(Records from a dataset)
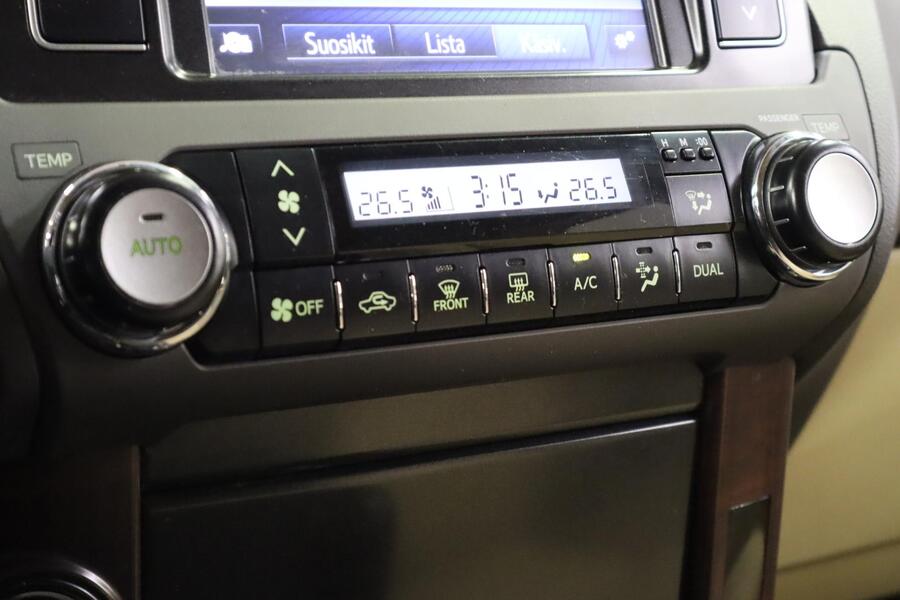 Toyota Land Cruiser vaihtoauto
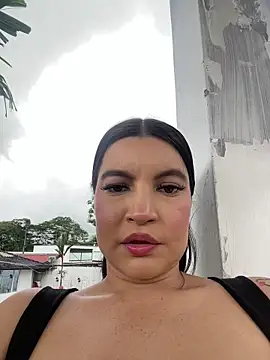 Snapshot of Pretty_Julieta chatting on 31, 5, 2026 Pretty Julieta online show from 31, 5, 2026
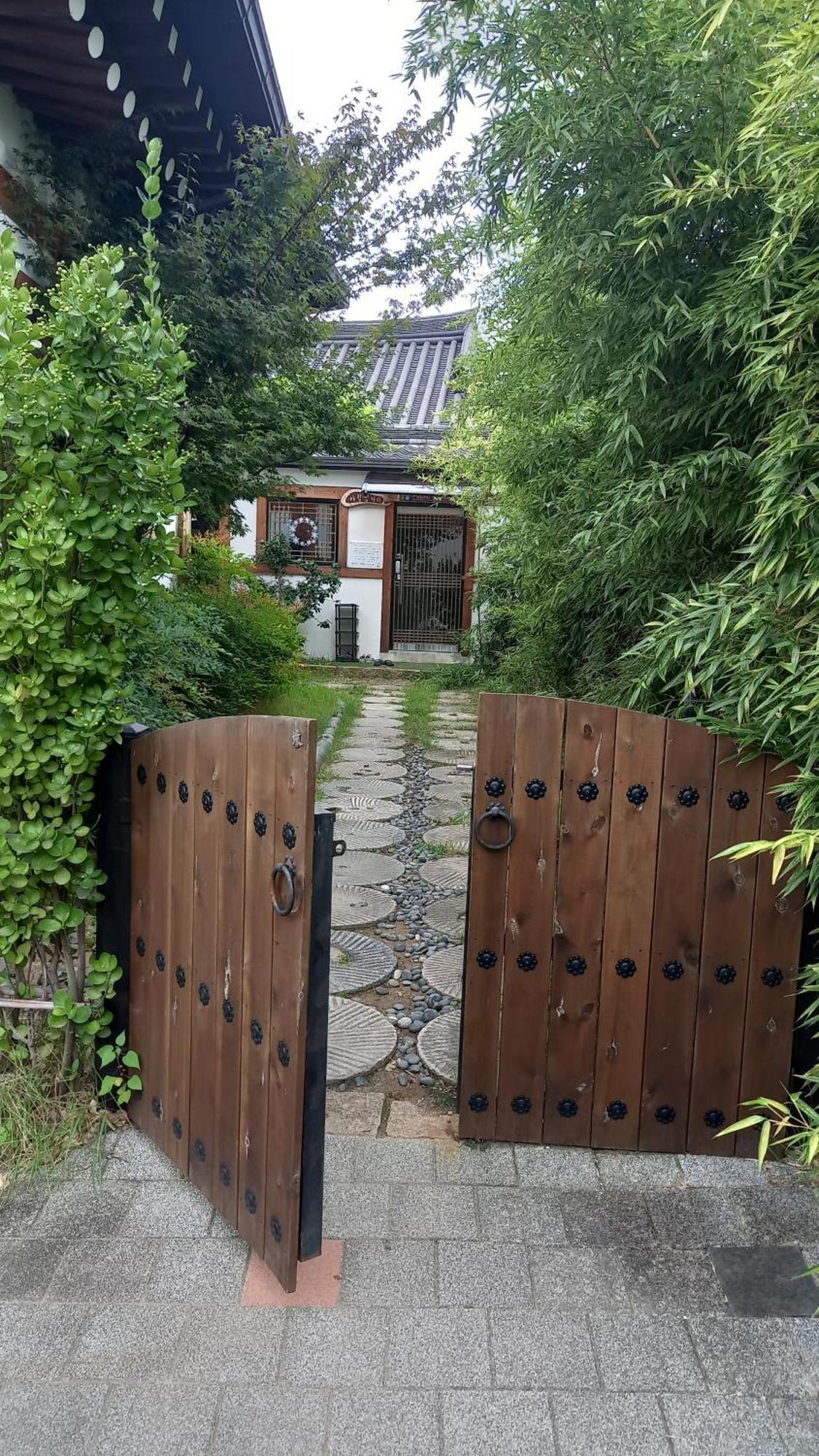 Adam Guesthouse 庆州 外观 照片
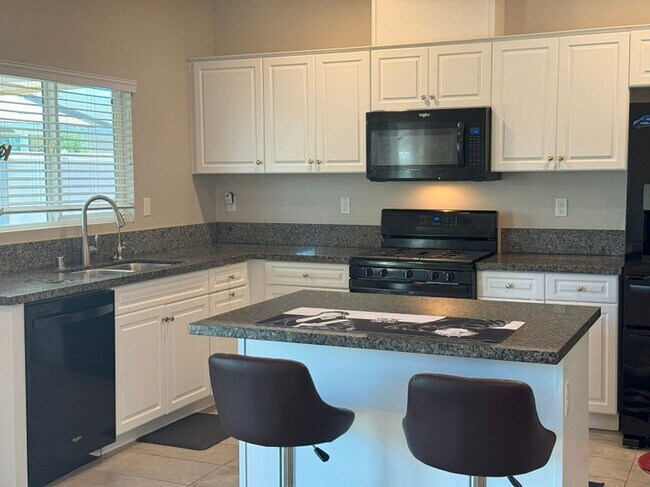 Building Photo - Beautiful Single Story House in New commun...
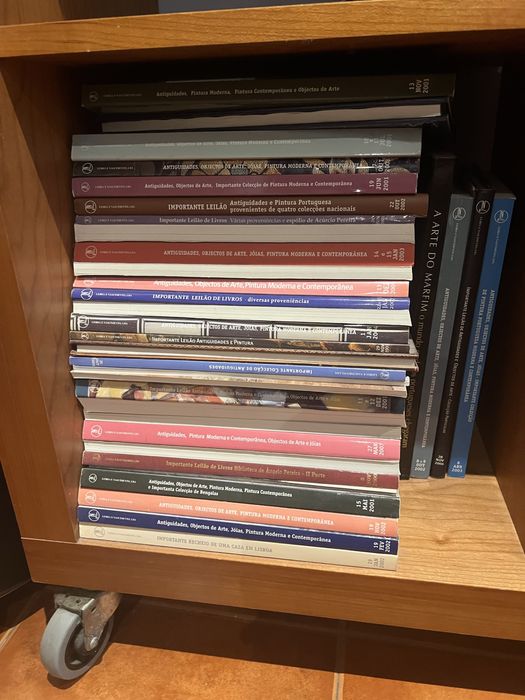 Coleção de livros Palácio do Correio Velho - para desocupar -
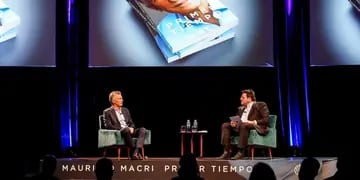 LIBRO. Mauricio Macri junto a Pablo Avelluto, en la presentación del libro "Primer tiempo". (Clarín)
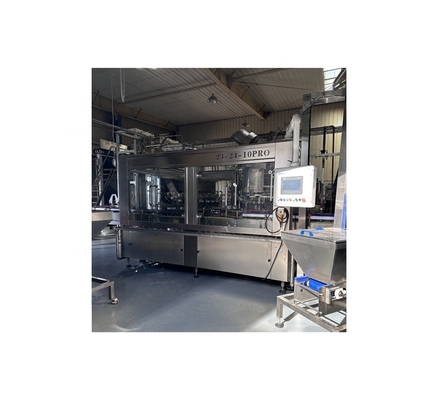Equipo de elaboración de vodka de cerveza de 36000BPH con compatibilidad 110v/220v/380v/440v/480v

About this task — Print the lines from the line with "Building Photo - Beautiful" to the end of the data above. Include both ends, exclude the pictures, and add nothing else.

Response area —
 Building Photo - Beautiful Single Story House in New commun...
 Coleção de livros Palácio do Correio Velho - para desocupar -
 LIBRO. Mauricio Macri junto a Pablo Avelluto, en la presentación del libro "Primer tiempo". (Clarín)
Equipo de elaboración de vodka de cerveza de 36000BPH con compatibilidad 110v/220v/380v/440v/480v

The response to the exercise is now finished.